§ **Your task**:
There are pictures in the records below; leave them out and set down exactly the lines from the one holding "Hoop Earrings - Rainbow" through the one holding "PugMug Custom Black Dachshund Postcard".

§ **Provided entries**:
▽

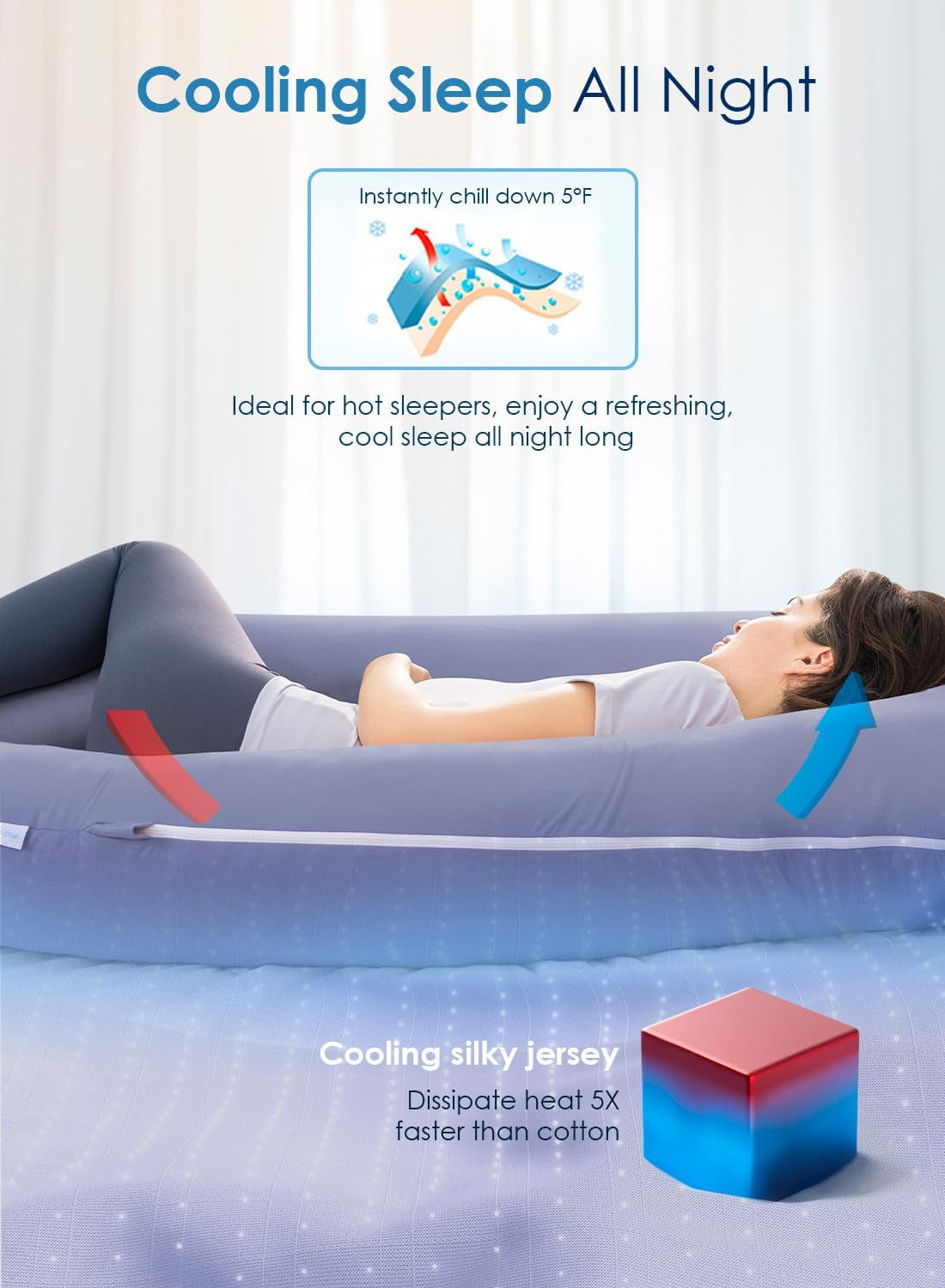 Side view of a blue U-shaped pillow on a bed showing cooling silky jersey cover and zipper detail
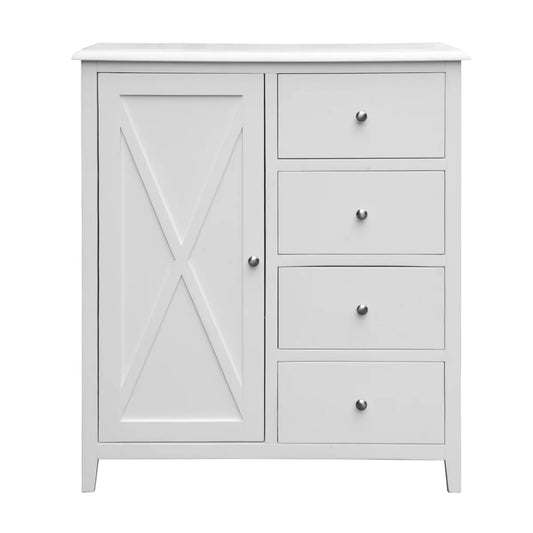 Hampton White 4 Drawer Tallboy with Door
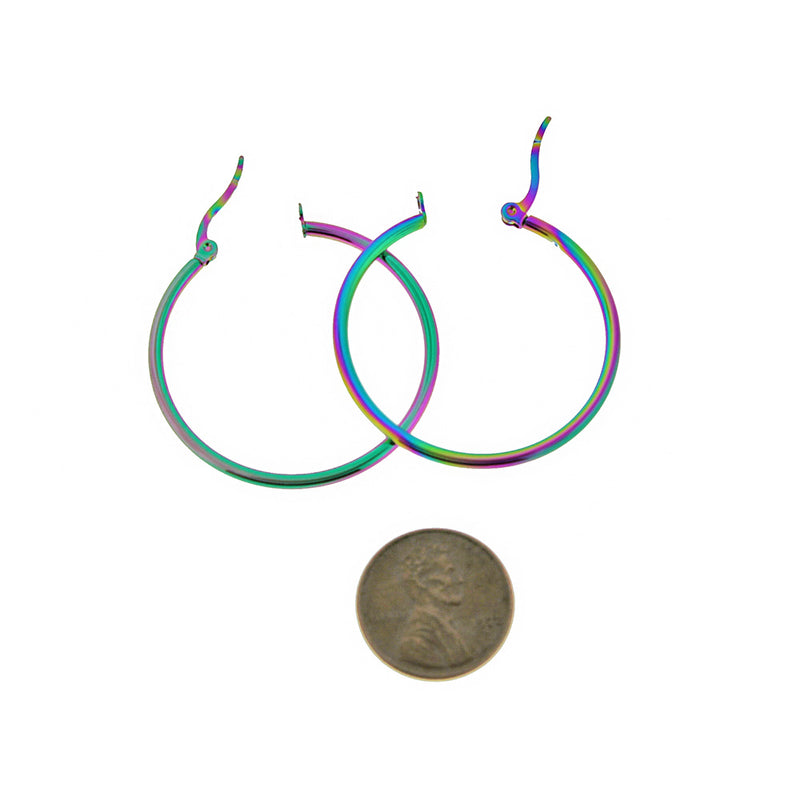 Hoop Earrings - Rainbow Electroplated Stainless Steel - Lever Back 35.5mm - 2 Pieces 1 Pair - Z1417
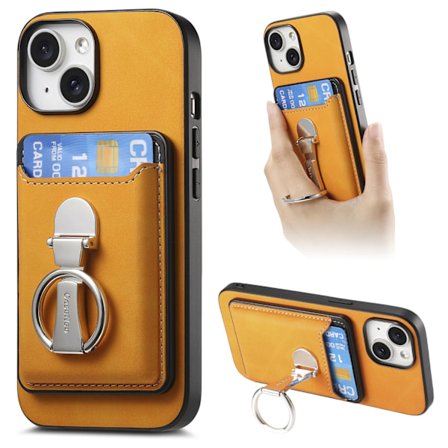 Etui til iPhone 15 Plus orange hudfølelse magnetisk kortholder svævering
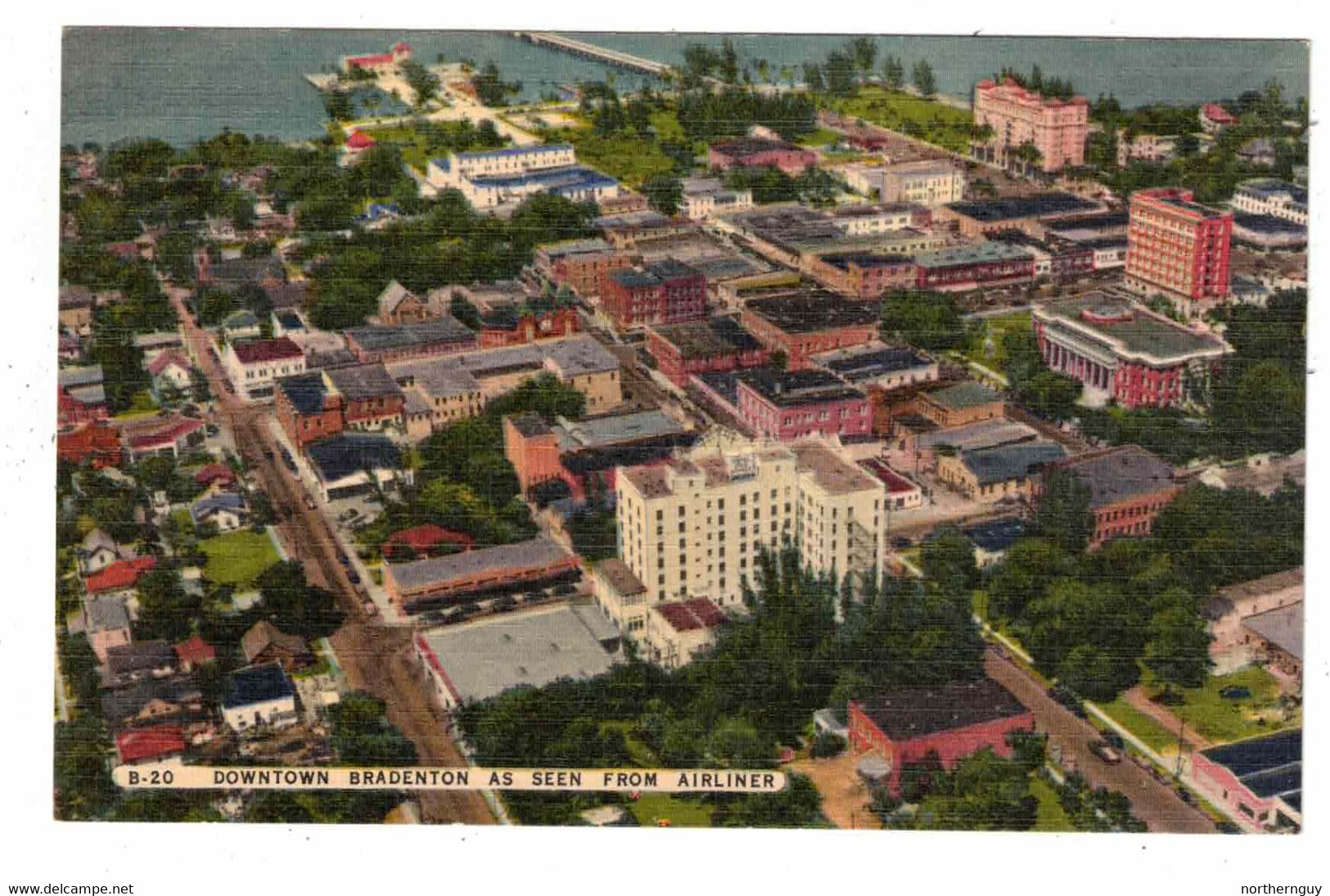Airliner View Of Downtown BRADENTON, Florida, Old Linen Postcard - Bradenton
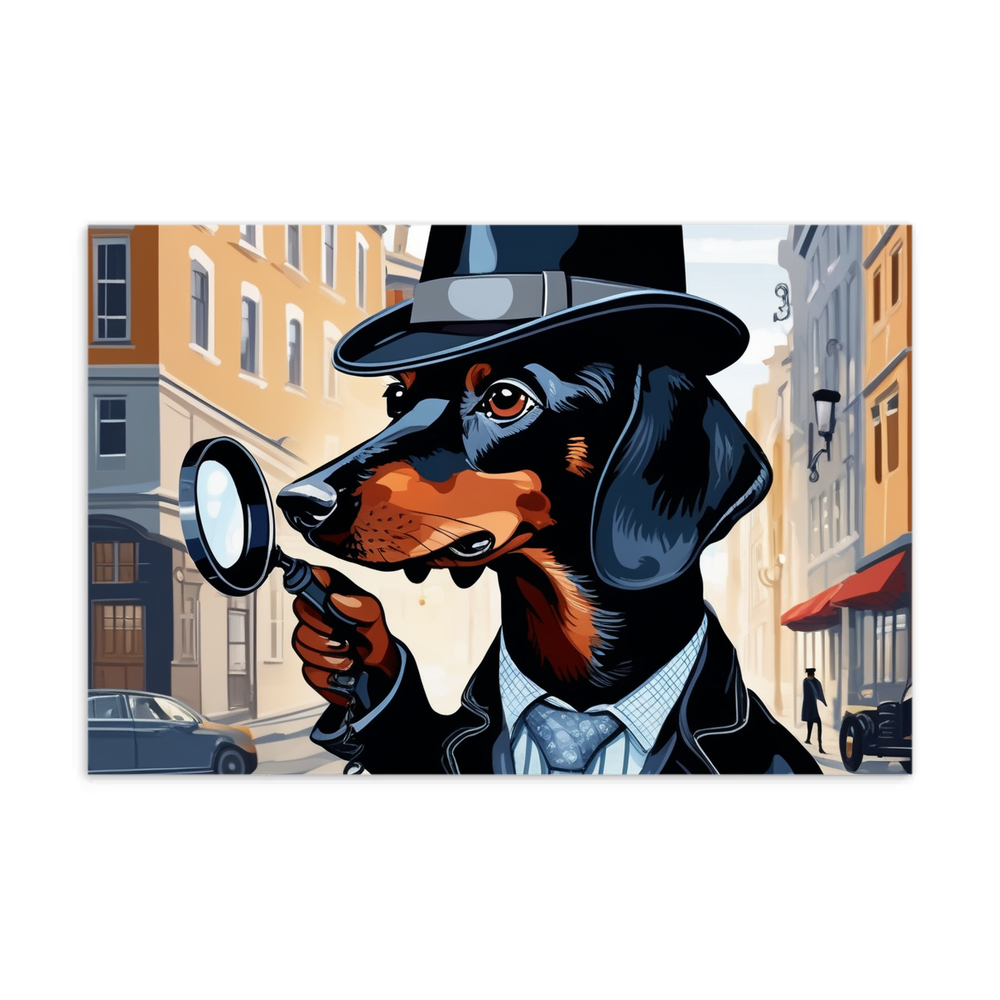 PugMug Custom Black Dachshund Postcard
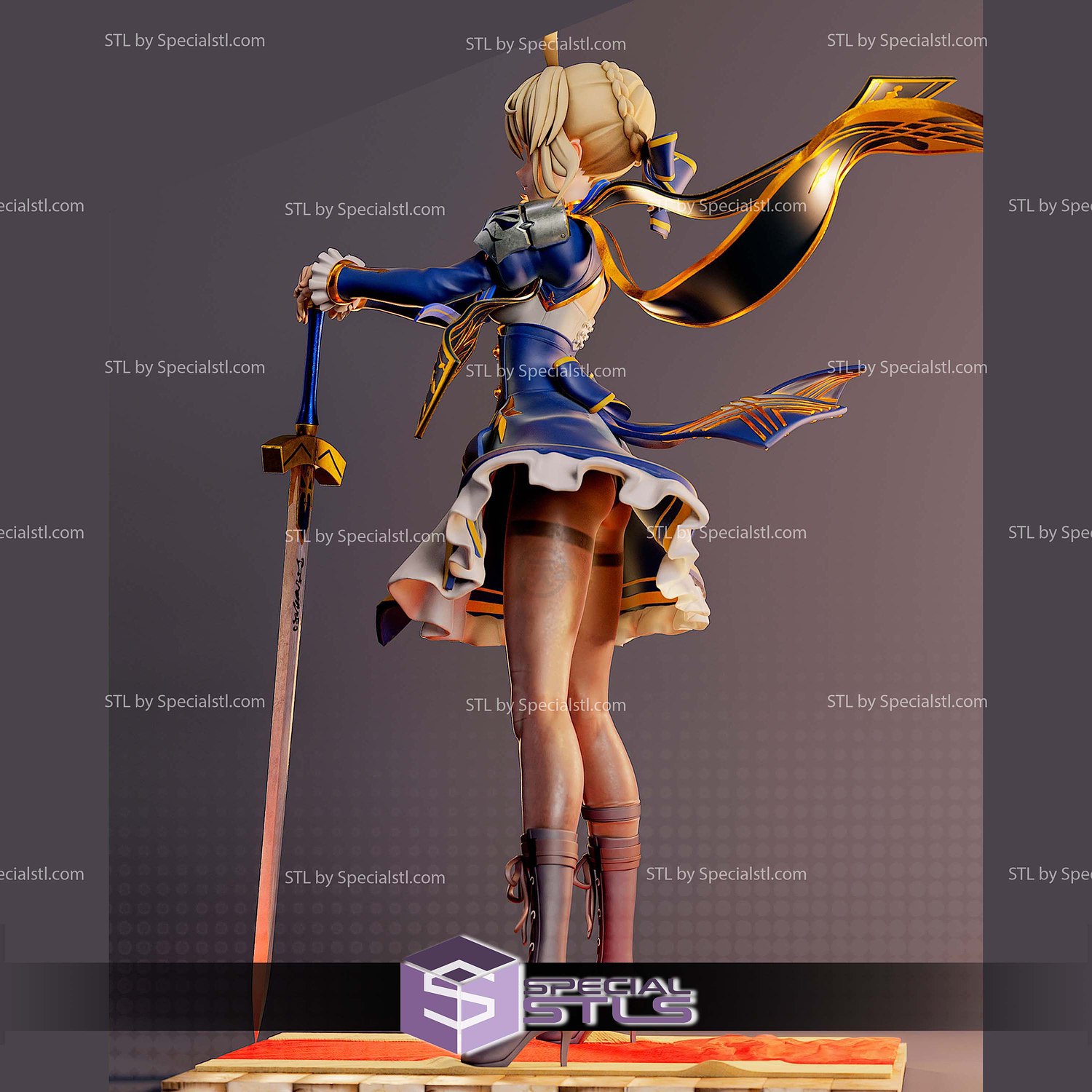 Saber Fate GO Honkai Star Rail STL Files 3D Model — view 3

△

§ **Exercise answer**:
 Hoop Earrings - Rainbow Electroplated Stainless Steel - Lever Back 35.5mm - 2 Pieces 1 Pair - Z1417
 Etui til iPhone 15 Plus orange hudfølelse magnetisk kortholder svævering
Airliner View Of Downtown BRADENTON, Florida, Old Linen Postcard - Bradenton
 PugMug Custom Black Dachshund Postcard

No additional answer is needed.